_REQUIREMENT_: Copy exactly the lines of the records below, and only those lines, beginning with the line that contains "下关水族馆海响馆育有多条海豚。" and ending with the line that contains "Un Cocker Spaniel".

_RECORDS TO PROCESS_:
···

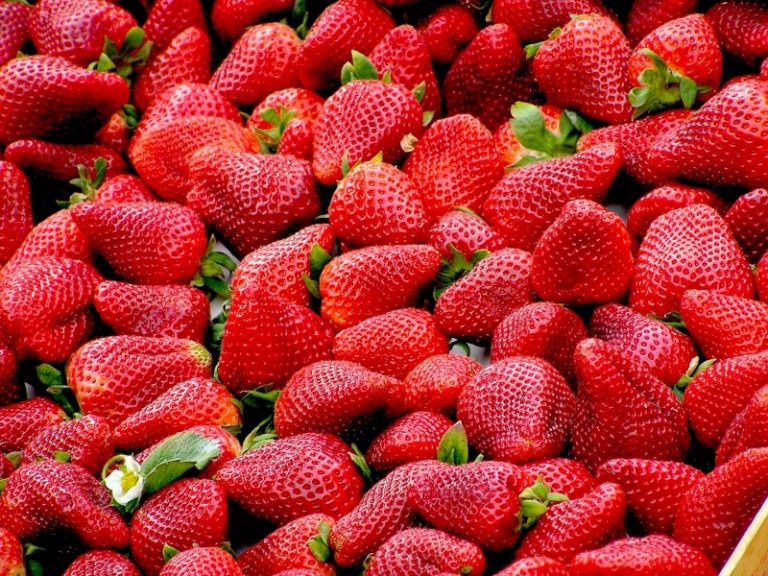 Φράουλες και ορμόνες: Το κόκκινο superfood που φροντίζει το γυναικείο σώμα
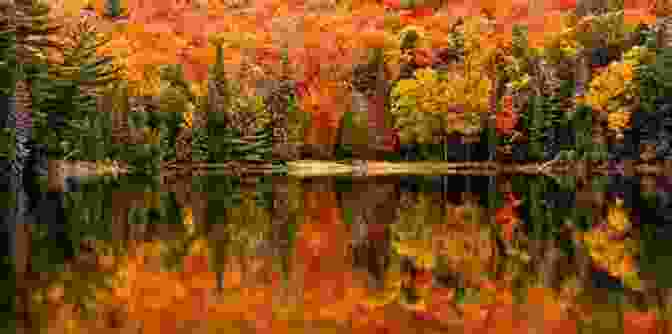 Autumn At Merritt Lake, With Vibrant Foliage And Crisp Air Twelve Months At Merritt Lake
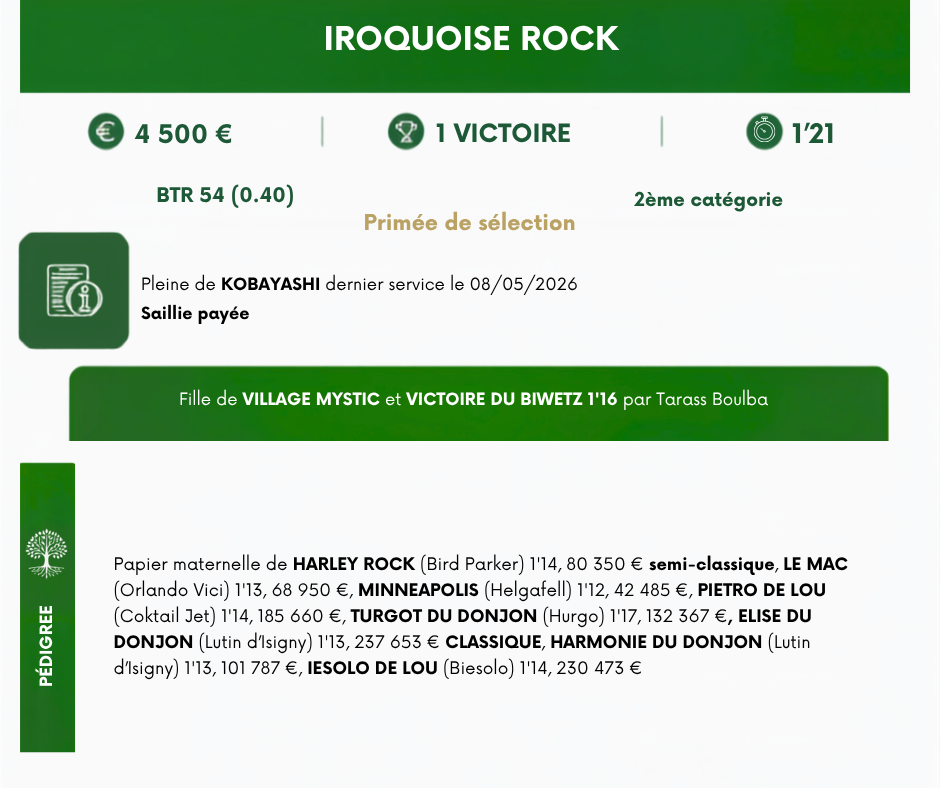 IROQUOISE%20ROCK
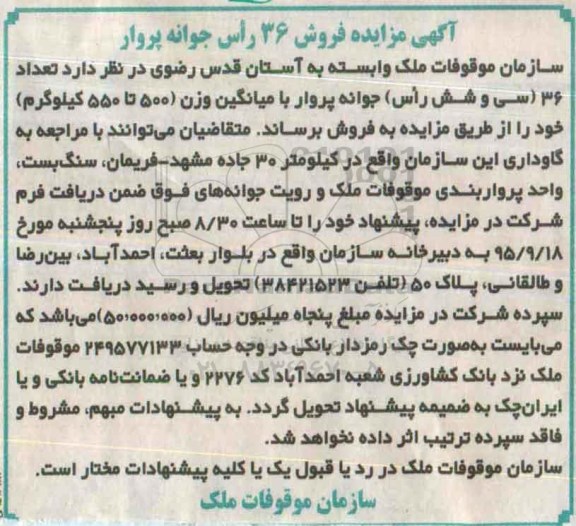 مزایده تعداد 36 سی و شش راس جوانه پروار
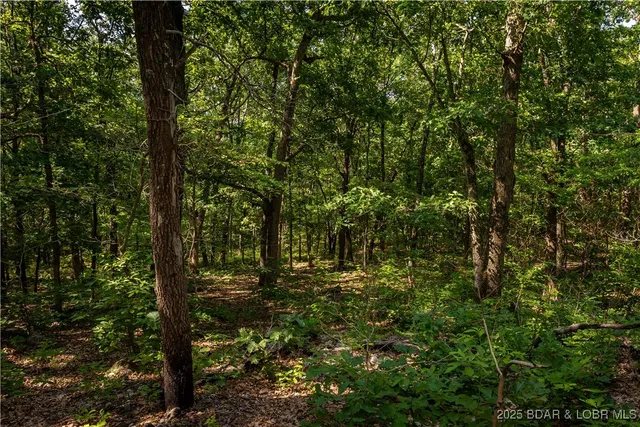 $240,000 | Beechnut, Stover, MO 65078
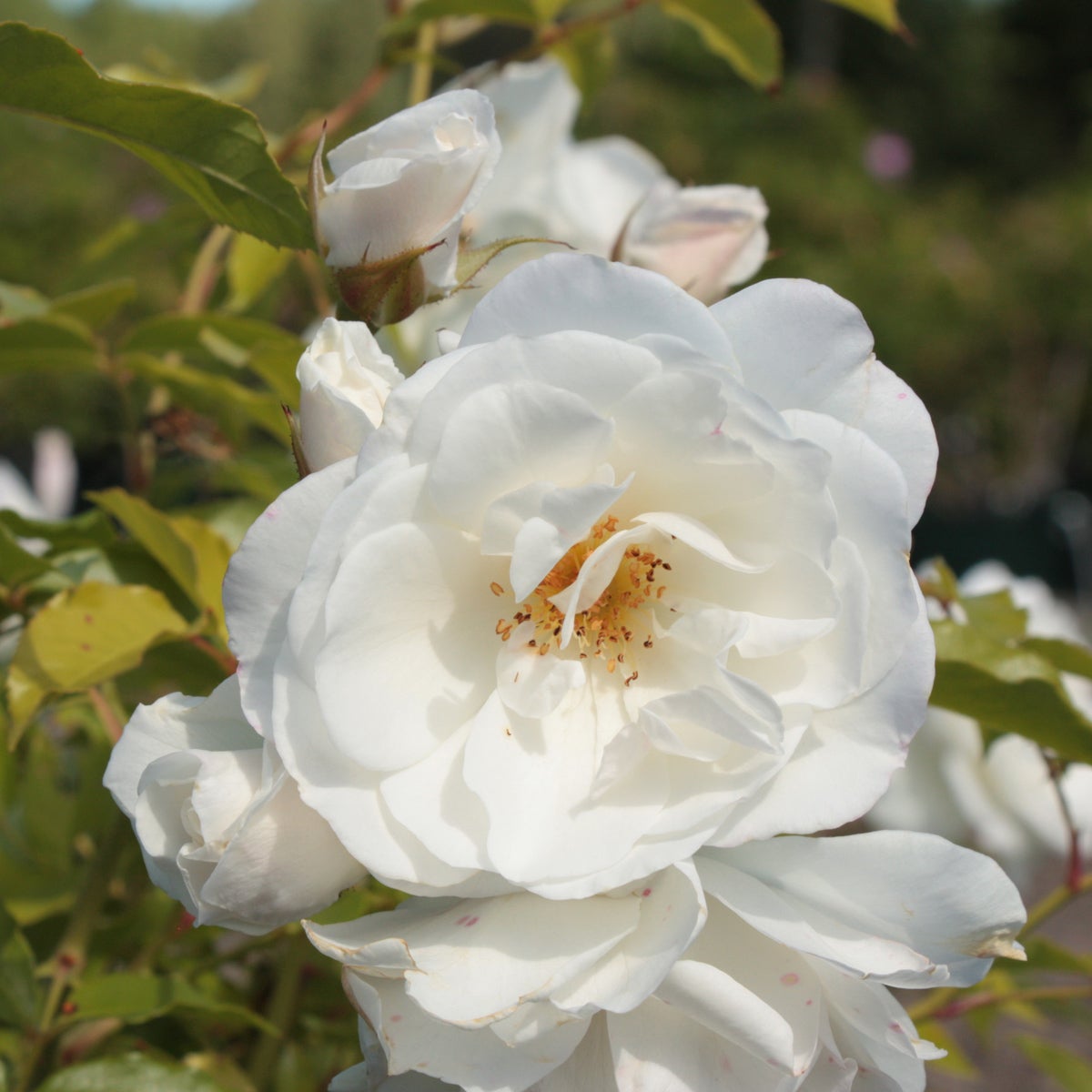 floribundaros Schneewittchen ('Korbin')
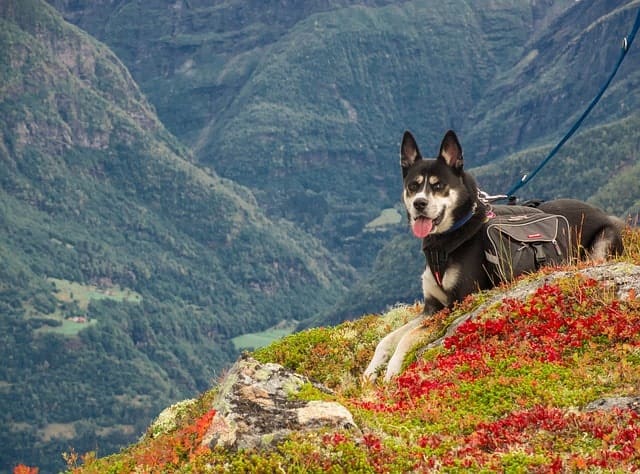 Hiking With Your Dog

···

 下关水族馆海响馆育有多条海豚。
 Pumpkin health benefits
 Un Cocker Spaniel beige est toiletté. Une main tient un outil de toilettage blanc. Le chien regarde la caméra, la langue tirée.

···

_REPLY TO THE EXERCISE_:
 下关水族馆海响馆育有多条海豚。
 Pumpkin health benefits
 Un Cocker Spaniel beige est toiletté. Une main tient un outil de toilettage blanc. Le chien regarde la caméra, la langue tirée.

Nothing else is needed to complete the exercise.